The name Bethesda these days has become synonymous with epic role-playing games like Fallout 3 and the Elder Scrolls series. However, it started out making sports simulations. The first game the company released in 1986, Gridiron! for the Atari ST and Amiga, was described as "the first modern sports game".

Before Gridiron!, sports games worked by looking up tables of player statistics - Chris thought this was boring, and instead developed a real-time physics engine. After seeing Gridiron!, Electronic Arts commissioned the team to develop the first John Madden Football game, a series that is still going today.


Since then the company has made more than 50 games including in the sports, action, racing and, of course, role-playing genres. In 1990 it moved into licensed gaming territory, starting with making a PC first-person shooter based on the Terminator film.

But what most of Bethesda's staff were really interested in was playing Dungeons and Dragons. So when they started working on Arena, which was meant to be a gladiator combat game, they added a story and some side quests, and eventually ended up just ditching the whole tournament idea and turning the game into an RPG instead.

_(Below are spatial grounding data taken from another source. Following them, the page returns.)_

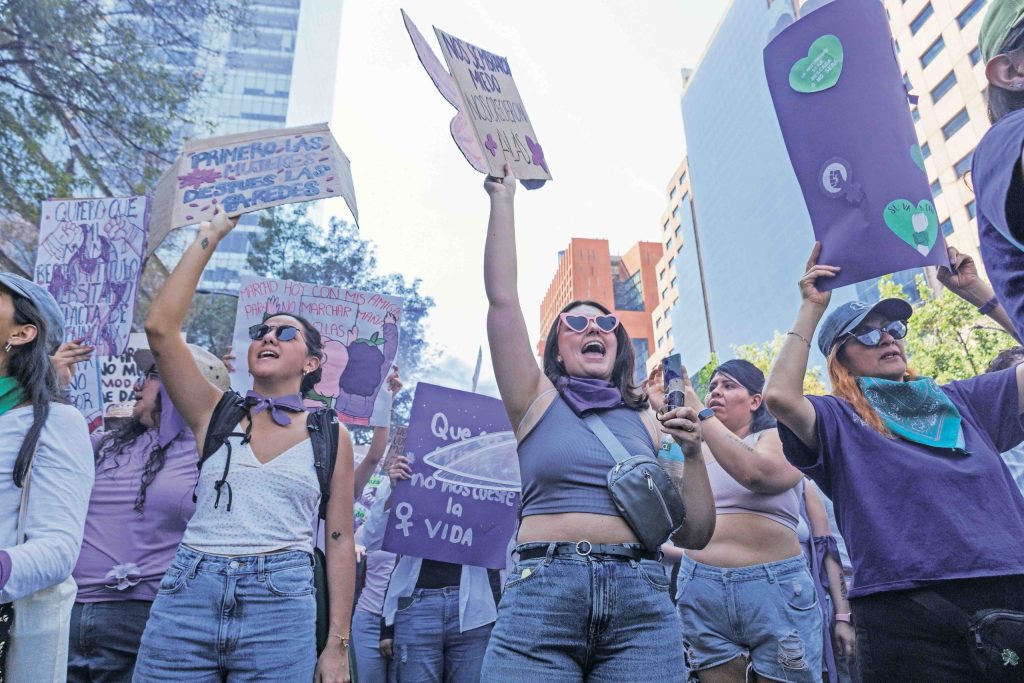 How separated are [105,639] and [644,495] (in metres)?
2.35

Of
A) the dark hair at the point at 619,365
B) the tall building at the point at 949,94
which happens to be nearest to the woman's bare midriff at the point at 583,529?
the dark hair at the point at 619,365

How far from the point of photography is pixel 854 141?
2686mm

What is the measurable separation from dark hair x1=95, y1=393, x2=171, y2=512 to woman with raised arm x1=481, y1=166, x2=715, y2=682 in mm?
1793

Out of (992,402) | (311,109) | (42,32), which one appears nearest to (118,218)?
(992,402)

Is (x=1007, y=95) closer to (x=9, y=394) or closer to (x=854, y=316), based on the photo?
(x=854, y=316)

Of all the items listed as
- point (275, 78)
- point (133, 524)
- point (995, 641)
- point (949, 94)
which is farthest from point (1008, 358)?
point (275, 78)

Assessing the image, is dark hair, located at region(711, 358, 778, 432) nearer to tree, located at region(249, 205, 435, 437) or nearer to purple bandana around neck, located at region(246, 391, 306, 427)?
purple bandana around neck, located at region(246, 391, 306, 427)

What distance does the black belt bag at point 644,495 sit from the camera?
219 cm

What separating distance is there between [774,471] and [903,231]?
4.06 ft

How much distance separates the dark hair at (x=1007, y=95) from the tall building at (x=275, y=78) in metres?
56.9

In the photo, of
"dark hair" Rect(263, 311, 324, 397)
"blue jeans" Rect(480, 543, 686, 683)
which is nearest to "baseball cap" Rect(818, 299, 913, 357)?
"blue jeans" Rect(480, 543, 686, 683)

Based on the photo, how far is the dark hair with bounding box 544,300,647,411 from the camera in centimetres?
271

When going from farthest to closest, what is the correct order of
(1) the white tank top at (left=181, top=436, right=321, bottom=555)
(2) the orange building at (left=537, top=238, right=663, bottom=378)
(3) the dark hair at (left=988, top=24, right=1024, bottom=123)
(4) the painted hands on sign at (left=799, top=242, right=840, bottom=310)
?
1. (2) the orange building at (left=537, top=238, right=663, bottom=378)
2. (4) the painted hands on sign at (left=799, top=242, right=840, bottom=310)
3. (1) the white tank top at (left=181, top=436, right=321, bottom=555)
4. (3) the dark hair at (left=988, top=24, right=1024, bottom=123)

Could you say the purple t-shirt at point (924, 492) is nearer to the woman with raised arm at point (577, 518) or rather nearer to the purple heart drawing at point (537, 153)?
the woman with raised arm at point (577, 518) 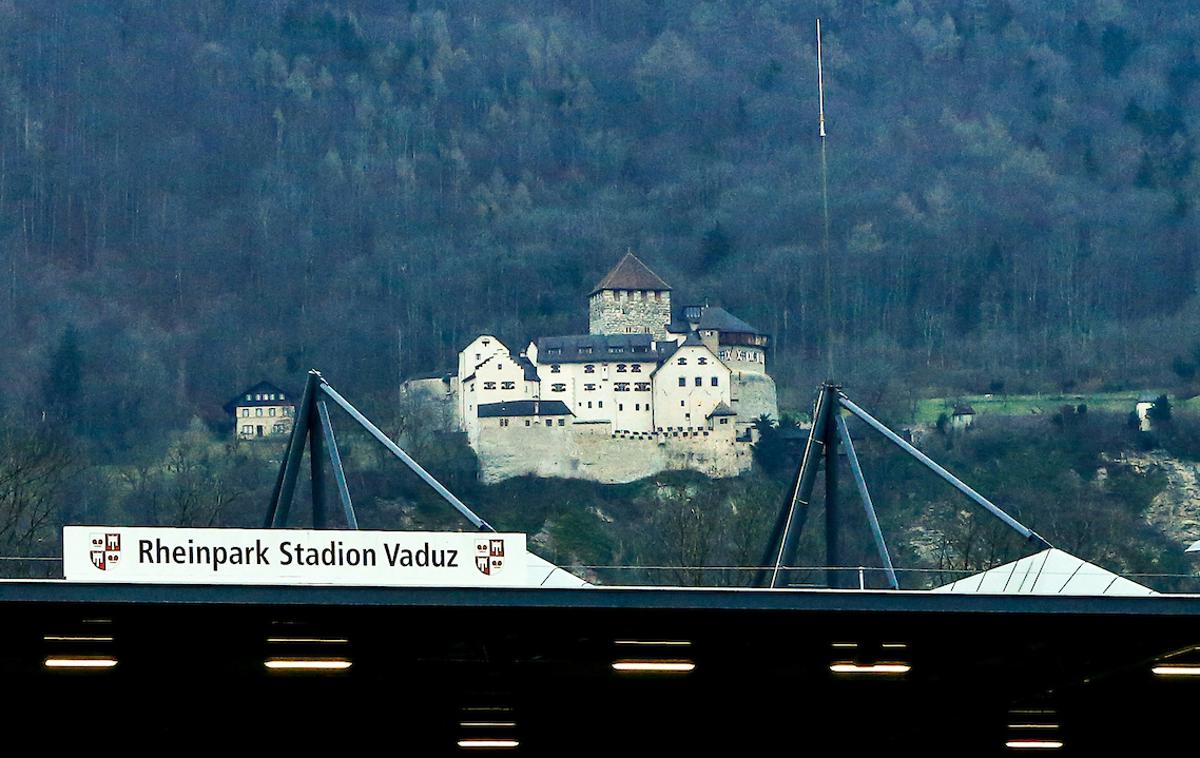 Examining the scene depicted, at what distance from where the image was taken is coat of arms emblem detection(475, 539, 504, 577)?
2442cm

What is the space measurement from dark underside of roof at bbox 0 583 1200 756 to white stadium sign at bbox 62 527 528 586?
650mm

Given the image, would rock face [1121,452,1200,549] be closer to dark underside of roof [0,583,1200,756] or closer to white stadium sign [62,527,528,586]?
dark underside of roof [0,583,1200,756]

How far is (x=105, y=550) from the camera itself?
23547 mm

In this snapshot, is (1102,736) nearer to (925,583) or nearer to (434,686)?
(434,686)

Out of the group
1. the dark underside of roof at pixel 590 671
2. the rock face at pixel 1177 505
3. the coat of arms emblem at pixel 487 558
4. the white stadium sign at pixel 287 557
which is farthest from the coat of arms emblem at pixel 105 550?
the rock face at pixel 1177 505

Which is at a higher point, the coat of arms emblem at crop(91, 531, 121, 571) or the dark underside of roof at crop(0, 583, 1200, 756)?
the coat of arms emblem at crop(91, 531, 121, 571)

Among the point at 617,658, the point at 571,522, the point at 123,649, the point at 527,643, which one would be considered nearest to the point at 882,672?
the point at 617,658

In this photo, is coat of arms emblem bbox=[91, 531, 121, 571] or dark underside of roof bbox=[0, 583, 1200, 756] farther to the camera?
coat of arms emblem bbox=[91, 531, 121, 571]

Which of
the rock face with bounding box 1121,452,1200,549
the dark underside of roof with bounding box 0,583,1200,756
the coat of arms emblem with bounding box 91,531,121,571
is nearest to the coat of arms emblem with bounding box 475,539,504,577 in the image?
the dark underside of roof with bounding box 0,583,1200,756

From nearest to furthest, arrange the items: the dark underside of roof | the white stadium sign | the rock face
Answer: the dark underside of roof → the white stadium sign → the rock face

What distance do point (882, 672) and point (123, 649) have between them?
11.7 meters

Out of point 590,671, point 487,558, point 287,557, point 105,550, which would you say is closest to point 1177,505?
point 590,671

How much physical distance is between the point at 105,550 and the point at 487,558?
16.3 feet

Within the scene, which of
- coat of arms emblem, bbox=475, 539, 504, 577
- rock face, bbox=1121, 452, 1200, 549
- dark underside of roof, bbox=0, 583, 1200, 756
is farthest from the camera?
rock face, bbox=1121, 452, 1200, 549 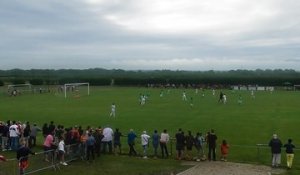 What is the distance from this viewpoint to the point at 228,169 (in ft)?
70.5

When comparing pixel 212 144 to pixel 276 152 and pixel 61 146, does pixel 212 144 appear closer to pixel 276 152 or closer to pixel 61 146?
pixel 276 152

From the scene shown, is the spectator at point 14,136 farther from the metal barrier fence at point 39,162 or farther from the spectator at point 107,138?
the spectator at point 107,138

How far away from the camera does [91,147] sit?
23203 millimetres

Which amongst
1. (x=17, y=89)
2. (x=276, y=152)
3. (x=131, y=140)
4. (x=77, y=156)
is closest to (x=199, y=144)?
(x=131, y=140)

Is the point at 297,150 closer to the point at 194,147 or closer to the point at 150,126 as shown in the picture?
the point at 194,147

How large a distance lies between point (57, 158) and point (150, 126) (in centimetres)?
1377

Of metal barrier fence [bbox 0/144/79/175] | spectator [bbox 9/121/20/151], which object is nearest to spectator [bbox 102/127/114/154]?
metal barrier fence [bbox 0/144/79/175]

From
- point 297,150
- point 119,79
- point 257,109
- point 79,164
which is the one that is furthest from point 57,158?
point 119,79

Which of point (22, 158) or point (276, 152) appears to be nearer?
point (22, 158)

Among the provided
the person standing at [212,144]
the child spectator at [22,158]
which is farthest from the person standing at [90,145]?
the person standing at [212,144]

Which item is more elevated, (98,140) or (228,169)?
(98,140)

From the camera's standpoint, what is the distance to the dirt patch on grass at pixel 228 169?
20828 mm

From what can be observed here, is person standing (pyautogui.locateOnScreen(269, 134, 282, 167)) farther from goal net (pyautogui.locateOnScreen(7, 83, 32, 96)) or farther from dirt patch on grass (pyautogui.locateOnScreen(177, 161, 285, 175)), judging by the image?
goal net (pyautogui.locateOnScreen(7, 83, 32, 96))

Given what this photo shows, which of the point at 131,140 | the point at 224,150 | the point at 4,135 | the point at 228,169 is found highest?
the point at 4,135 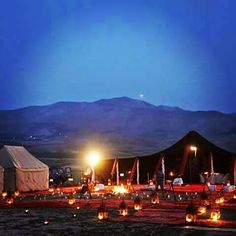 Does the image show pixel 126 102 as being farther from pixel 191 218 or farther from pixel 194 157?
pixel 191 218

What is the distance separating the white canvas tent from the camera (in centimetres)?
2328

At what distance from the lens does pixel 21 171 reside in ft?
77.7

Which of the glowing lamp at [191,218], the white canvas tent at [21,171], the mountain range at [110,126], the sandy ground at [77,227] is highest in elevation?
the mountain range at [110,126]

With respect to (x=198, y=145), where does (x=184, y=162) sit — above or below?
below

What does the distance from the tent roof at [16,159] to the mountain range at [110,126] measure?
39428mm

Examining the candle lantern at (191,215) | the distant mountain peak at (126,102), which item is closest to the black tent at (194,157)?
the candle lantern at (191,215)

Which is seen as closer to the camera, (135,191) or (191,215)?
(191,215)

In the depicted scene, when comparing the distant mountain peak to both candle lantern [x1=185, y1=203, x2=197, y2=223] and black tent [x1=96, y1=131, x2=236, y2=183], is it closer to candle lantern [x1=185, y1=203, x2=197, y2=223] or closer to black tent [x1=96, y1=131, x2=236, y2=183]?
black tent [x1=96, y1=131, x2=236, y2=183]

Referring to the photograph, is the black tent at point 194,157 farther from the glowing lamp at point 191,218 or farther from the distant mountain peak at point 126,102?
the distant mountain peak at point 126,102

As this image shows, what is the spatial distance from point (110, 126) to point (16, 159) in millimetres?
72105

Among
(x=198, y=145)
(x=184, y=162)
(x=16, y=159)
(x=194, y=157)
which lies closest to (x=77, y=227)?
(x=16, y=159)

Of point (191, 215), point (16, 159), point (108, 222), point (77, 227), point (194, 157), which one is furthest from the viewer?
point (194, 157)

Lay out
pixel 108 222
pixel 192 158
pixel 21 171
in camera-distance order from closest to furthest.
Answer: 1. pixel 108 222
2. pixel 21 171
3. pixel 192 158

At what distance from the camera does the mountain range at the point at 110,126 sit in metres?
75.2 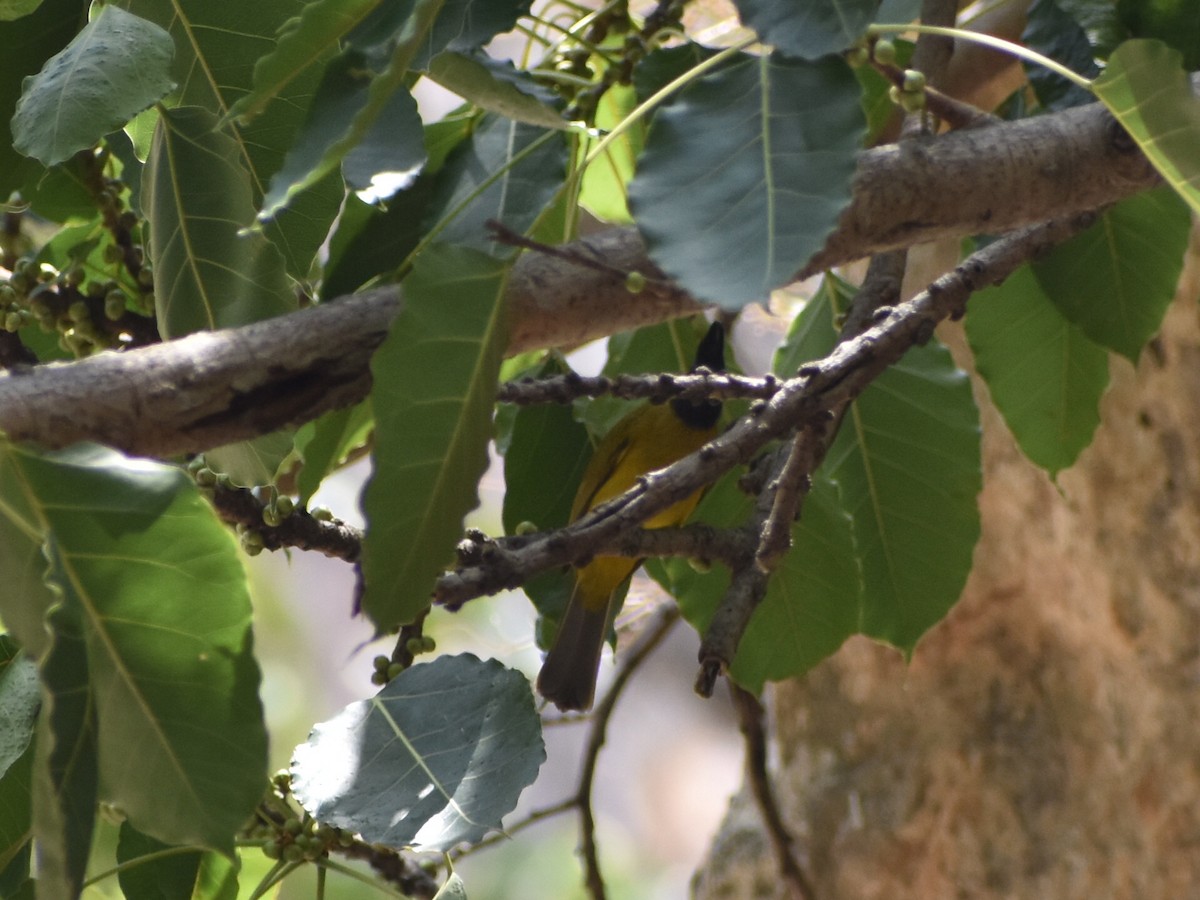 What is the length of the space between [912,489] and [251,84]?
71cm

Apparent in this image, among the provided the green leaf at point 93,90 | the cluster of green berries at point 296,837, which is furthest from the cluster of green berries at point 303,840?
the green leaf at point 93,90

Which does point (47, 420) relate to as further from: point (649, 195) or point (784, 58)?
point (784, 58)

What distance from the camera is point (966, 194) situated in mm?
881

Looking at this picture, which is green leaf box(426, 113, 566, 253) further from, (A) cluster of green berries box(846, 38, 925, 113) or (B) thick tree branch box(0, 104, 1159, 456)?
(A) cluster of green berries box(846, 38, 925, 113)

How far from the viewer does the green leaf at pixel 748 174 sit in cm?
66

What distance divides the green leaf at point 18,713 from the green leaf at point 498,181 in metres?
0.44

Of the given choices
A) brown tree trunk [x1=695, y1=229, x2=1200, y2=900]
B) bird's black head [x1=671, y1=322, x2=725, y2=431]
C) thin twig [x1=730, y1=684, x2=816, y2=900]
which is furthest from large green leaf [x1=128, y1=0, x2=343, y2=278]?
brown tree trunk [x1=695, y1=229, x2=1200, y2=900]

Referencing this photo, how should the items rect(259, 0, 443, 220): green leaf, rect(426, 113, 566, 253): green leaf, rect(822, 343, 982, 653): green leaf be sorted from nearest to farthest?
rect(259, 0, 443, 220): green leaf → rect(426, 113, 566, 253): green leaf → rect(822, 343, 982, 653): green leaf

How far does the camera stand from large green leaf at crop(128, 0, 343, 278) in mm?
948

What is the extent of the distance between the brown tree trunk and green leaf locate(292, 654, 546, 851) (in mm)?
1120

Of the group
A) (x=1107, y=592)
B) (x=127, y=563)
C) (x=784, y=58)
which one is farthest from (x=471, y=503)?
(x=1107, y=592)

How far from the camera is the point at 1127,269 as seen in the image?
3.91ft

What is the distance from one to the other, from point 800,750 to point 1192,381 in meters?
0.83

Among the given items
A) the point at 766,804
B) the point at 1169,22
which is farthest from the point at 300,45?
the point at 766,804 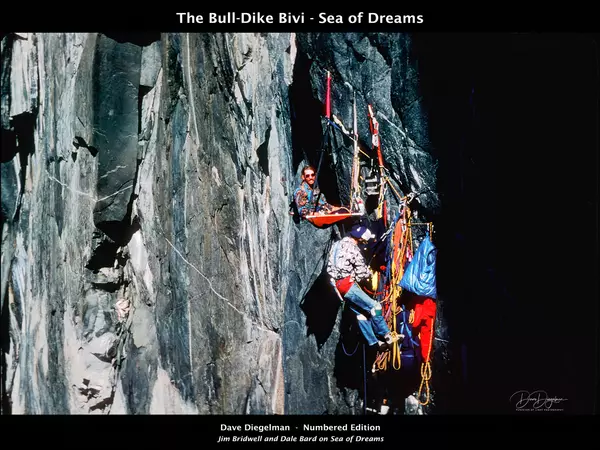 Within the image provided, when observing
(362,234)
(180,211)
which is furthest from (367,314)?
(180,211)

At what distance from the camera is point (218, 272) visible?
721cm

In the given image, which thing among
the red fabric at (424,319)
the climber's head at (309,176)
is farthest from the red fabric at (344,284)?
the climber's head at (309,176)

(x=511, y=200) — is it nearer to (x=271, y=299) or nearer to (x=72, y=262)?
(x=271, y=299)

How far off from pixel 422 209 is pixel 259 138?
6.50 feet

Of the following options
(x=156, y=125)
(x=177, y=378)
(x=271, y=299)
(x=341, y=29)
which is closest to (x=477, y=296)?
(x=271, y=299)

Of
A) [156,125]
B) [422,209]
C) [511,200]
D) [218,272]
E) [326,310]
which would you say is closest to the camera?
[511,200]

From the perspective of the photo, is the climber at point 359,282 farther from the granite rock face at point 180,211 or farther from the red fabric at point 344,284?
the granite rock face at point 180,211

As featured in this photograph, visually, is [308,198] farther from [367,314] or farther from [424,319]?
[424,319]

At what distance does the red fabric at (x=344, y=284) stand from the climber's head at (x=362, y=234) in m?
0.39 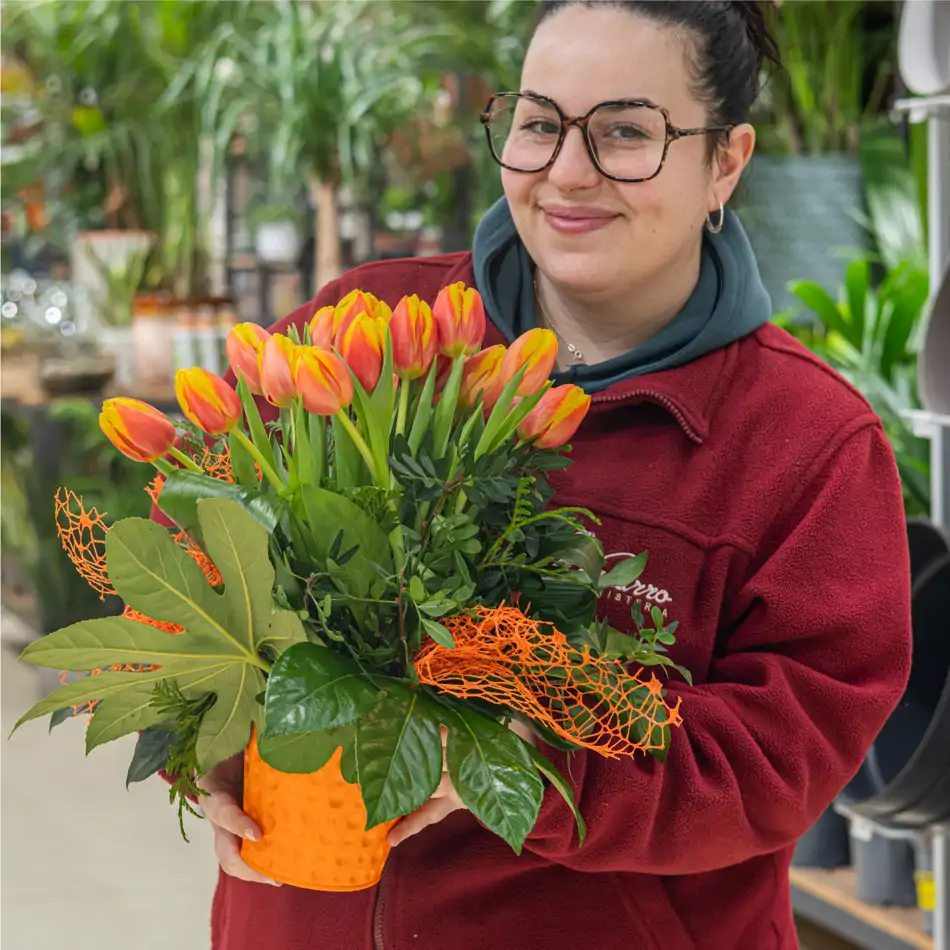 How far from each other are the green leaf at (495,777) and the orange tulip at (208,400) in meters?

Arena became The Elder Scrolls: Arena and one of the world's most successful game franchises franchise was born.

With the acquisition of the Fallout IP in 2004 from Interplay and the subsequent release of Fallout 3, Bethesda Game Studios cemented its reputation as the master of the single-player epic Western-style RPG.


Founded: 1986
Location: Bethesda, Maryland
Killer Quote: "We're trying to look for even bigger and better things so that you look at them and go, "That's really a game I can't afford to miss."" - Pete Hines


Todd Howard


Considered as the main creative force behind Bethesda's biggest games Todd is currently Executive Producer at the studio and is deeply involved in all of the games in production.

Howard joined Bethesda in 1994, after finishing up his academic education at the College of William and Mary in Virginia. His first order of business was to work on the seminal title in the Elder Scrolls series.

Howard's career in the video game world spans over decade, during which he is credited as the project leader and designer of Morrowind, Redguard and Daggerfall as well as SkyNET and The Terminator: Future Shock.

Pete Hines
Before becoming the vice president of Bethesda and czar of all things PR and marketing for Bethesda Hines was a college radio station DJ, a commentator for the women's basketball and announcer for men's football (soccer). Humble beginnings for someone who would go on to become instrumental in the company's success.


Over the years Hines built up an impressive body of work that would feed into his eventual role as the head of PR and marketing for Bethesda. His high-school days were spent aiding a finance professor in his research and writing press articles between, while his post-grad career involved working for the American College of Cardiology and the American Association of Blood Banks, where he wrote professionally.

Pete joined Bethesda's marketing department in 1999, writing the manuals for the company's games and as well as ensuring press releases were sent out, web and blog were updated, and a forum presence was maintained.

Chris Weaver
Bethesda's founding father, Chris Weaver was working for MIT in the seventies on speech parsers, graphic interfaces and synthesized worlds. He switched careers and started working directing news broadcasts for NBC and ABC before moving back into working on virtual reality and then founding Bethesda, as a specifically PC game developer, to see if there was any mileage (and money) in it.